FILE - In this Feb. 12, 2013, file photo, President Barack Obama gives his State of the Union address during a joint session of Congress on Capitol Hill in Washington. Obama reports to Congress and the nation Jan. 28, 2014, on the State of the Union, an annual rite in official Washington that for one night squeezes the three branches of government underneath the same roof for the speech. (AP Photo/Charles Dharapak, Pool) President Obama’s 2013 SOTU (AP Photo/Charles Dharapak, Pool)

If you have forgotten last year’s SOTU, that was when President Obama hollered at Congress that the children and parents of Sandy Hook Elementary School deserved a vote on gun control. Gun control went nowhere. The State of the Union in no way previewed the parade of horribles  that was to plague President Obama in 2013. It was both irrelevant and unmemorable (unless you remembered that it was the SOTU, not some other speech, when he elevated gun control to his highest priority). This is not Obama’s affliction alone, although he has overtaxed us with his media omnipresence and  has perfected the annoying habit of declaring as “facts” things that aren’t and are arguably false.

The spectacle of media types pretending the SOTU matters has become a tiresome chore. The insta-polls of the self-selected group of viewers who watched the speech (or said they did) has become an embarrassing and egregious example of mindless journalism. (Hmm, I wonder what most people who sat through 89 minutes of Obama think of Obama.)

The irrelevancy of the SOTU is never more evident than when the president is mistrusted and ineffectual. And Obama is certainly both. The Post-ABC poll finds that “for the first time on the eve of a State of the Union address, more Americans rate his performance negatively than positively, with 50 percent disapproving. His previous low at the start of a new year was 48 percent positive, 48 percent negative in 2012. A year ago, his approval rating was 55 percent.” And it gets worse: “Just 37 percent say they have either a good amount or a great deal of confidence in the president to make the right decisions for the country’s future, while 63 percent say they do not. Those numbers are the mirror image of what they were when he was sworn into office in 2009 and lower than at any other time the question was asked by The Washington Post and ABC News.” You can be really sure, then, that most of what the president says is going nowhere.

Presidents of both parties talk too long, although Democrats (this president, in particular) gives short shrift to foreign policy. Republicans and Democrats in their time on TV alike veer from minutiae to platitudes (“Working together we can solve the . . .  blah, blah, blah.”) Too often it becomes a state of the budget speech; it is invariably about the state of the federal government, which Democrats confuse with the “union” or more simply, America. There is never much of a surprise since presidential supporters and aides preview the speech to death, eliminating any trace of suspense.

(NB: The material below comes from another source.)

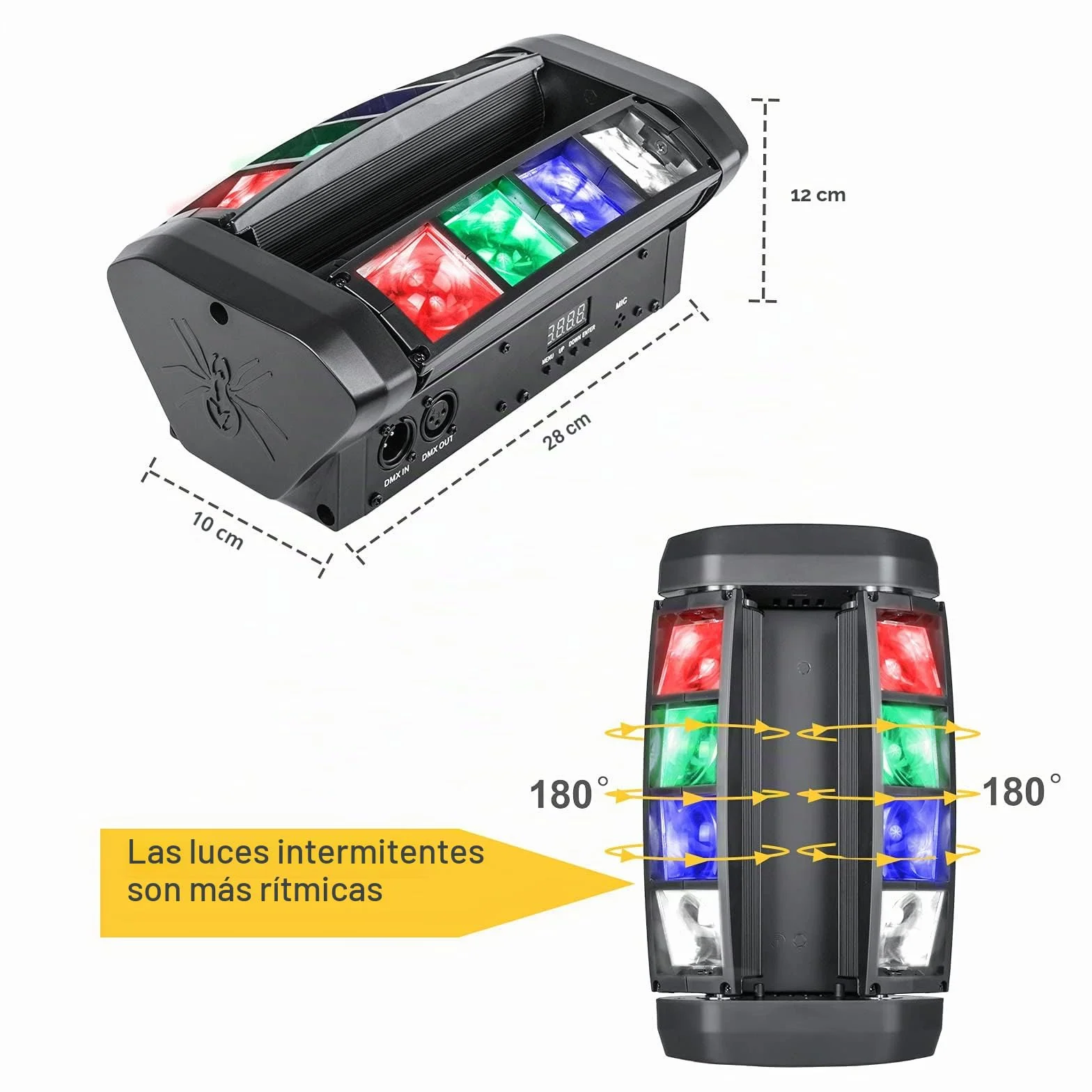 Luz LED de escenario Spider Moving Head RGBW, luz de fiesta, control musical/controlador Dj 512 Dmx luz para bar, club, fiesta, discoteca, balón de escenario LED, espectáculo.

Perhaps this is why journalists devise drinking games (Take a shot for “inequality“!) and bingo (“Inequality” gives me five across!) to get through it. One reason New Jersey Gov. Chris Christie’s press conference (which lasted even longer than a Bill Clinton SOTU) was interesting theater was because it wasn’t clear (even to Christie) where this was going, how he’d interact with the media and whether it would “work.” There was emotion, conflict and suspense — none of which is present in modern SOTUs.

And if you want irrelevant, try listening to the other party’s response (or heinously, now multiple responses from Republicans). The star of the moment rarely lasts as a star. In recent years we’ve had Virginia Gov. Bob McDonnell and Virginia Democratic Sen. Tim Kaine — suggesting appearance is either a precursor to doom or to obscurity. There was a little of both last year when Sen. Marco Rubio (R-Fla.) said something no one recalls and sipped water, which the media pondered for days. He then had the worst year of any Republican other than McDonnell.

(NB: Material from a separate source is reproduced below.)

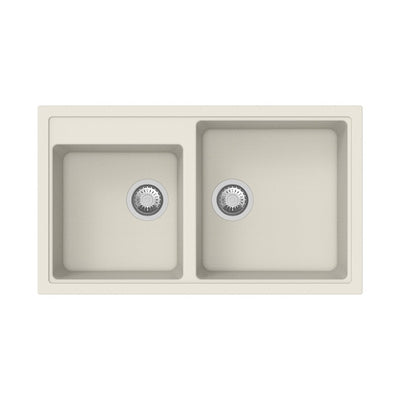 Lavello 86 cm da incasso in sintetico effetto granito due vasche Bianco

Nothing in the Constitution says the speech must be either spoken or be a one-man show. No one (other than the incumbent president and his aides) thinks it needs to be an hour-long.  Here, then, are some alternatives:

1. Skip it. Most people do.

2. Limit it to 15 minutes; in other words, give the executive summary. (“The rest can be found online at . . . “)

3.  Have the president discuss the SOTU with a leader of the opposing party (no debate moderators, just a conversation).

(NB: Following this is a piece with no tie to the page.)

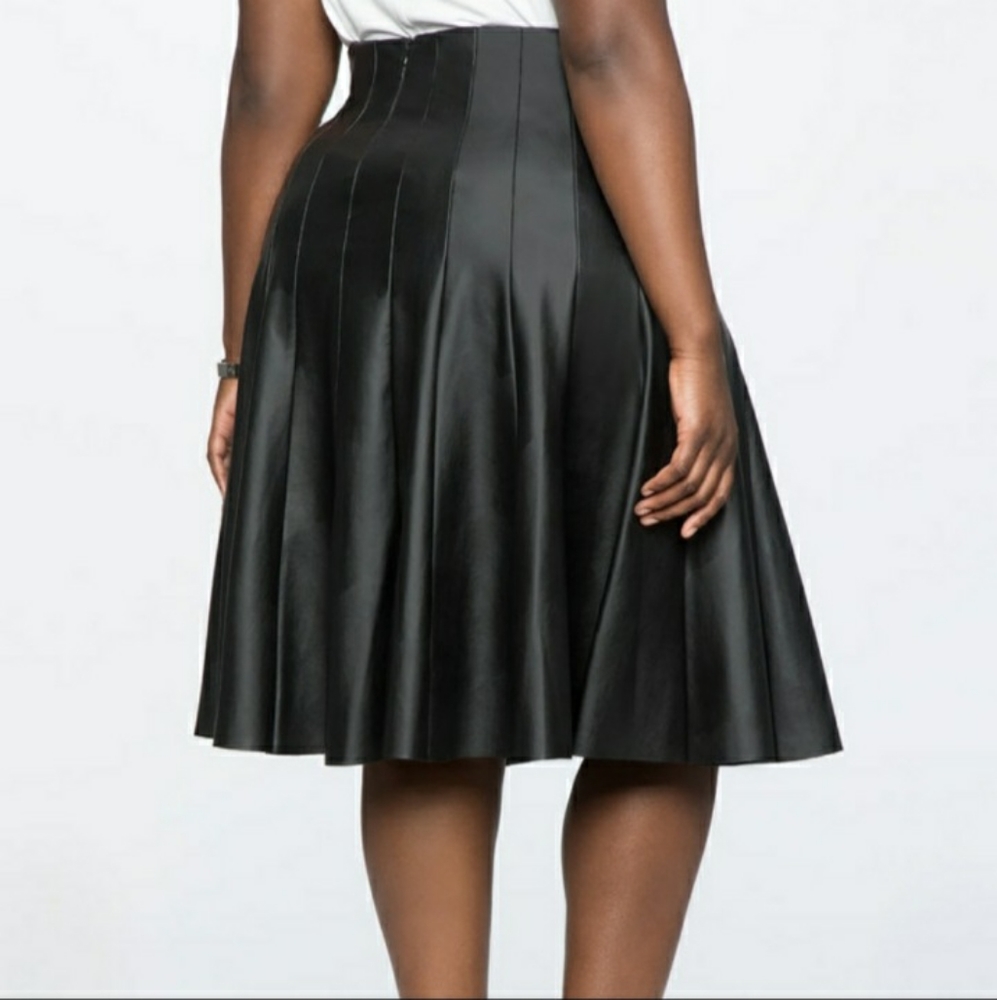 Eloquii Faux Leather Black Pleated Skirt - Picture 3 of 10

I don’t see any of those happening, although I’m sorely tempted to vote for the candidate in 2016 who vows never to give one of these. That would show some restraint, humility and understanding of “real” Americans (as opposed to the ones who reply to the insta-polls) — qualities, come to think of it, that have diminished in our leaders as the SOTUs have gotten longer and more tedious. There’s a connection there.